»»

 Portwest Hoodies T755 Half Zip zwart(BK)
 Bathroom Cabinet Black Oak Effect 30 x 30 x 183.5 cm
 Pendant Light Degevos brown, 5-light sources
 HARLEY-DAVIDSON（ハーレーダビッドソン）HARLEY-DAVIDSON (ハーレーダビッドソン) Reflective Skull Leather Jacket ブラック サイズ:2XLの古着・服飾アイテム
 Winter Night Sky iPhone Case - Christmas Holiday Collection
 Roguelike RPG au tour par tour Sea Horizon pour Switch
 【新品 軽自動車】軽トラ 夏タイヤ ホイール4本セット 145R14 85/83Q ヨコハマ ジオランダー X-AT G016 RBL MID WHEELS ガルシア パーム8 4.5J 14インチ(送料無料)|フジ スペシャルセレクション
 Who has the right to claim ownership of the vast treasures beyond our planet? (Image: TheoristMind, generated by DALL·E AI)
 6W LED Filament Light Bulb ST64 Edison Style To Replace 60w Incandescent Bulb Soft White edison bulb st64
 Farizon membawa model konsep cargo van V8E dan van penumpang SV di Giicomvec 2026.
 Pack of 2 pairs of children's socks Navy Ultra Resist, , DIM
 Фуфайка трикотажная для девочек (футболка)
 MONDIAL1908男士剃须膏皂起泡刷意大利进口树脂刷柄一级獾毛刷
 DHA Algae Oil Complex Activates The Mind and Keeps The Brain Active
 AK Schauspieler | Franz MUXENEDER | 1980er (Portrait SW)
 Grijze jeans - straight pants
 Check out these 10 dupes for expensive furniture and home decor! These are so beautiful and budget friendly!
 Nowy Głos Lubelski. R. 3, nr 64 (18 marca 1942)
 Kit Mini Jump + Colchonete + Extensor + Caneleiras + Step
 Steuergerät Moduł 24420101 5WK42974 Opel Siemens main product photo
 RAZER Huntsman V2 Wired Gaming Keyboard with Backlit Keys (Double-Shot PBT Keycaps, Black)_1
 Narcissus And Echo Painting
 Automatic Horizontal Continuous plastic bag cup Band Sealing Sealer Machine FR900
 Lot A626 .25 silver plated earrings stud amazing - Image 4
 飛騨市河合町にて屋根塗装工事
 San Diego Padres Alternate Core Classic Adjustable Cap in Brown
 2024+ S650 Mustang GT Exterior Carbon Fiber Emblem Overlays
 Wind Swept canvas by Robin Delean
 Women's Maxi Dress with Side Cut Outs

««

> Goal of the exercise
Your task is to quote the lines above, beginning with the first and ending with the one that holds "Farizon membawa model".

> Solved problem
 Portwest Hoodies T755 Half Zip zwart(BK)
 Bathroom Cabinet Black Oak Effect 30 x 30 x 183.5 cm
 Pendant Light Degevos brown, 5-light sources
 HARLEY-DAVIDSON（ハーレーダビッドソン）HARLEY-DAVIDSON (ハーレーダビッドソン) Reflective Skull Leather Jacket ブラック サイズ:2XLの古着・服飾アイテム
 Winter Night Sky iPhone Case - Christmas Holiday Collection
 Roguelike RPG au tour par tour Sea Horizon pour Switch
 【新品 軽自動車】軽トラ 夏タイヤ ホイール4本セット 145R14 85/83Q ヨコハマ ジオランダー X-AT G016 RBL MID WHEELS ガルシア パーム8 4.5J 14インチ(送料無料)|フジ スペシャルセレクション
 Who has the right to claim ownership of the vast treasures beyond our planet? (Image: TheoristMind, generated by DALL·E AI)
 6W LED Filament Light Bulb ST64 Edison Style To Replace 60w Incandescent Bulb Soft White edison bulb st64
 Farizon membawa model konsep cargo van V8E dan van penumpang SV di Giicomvec 2026.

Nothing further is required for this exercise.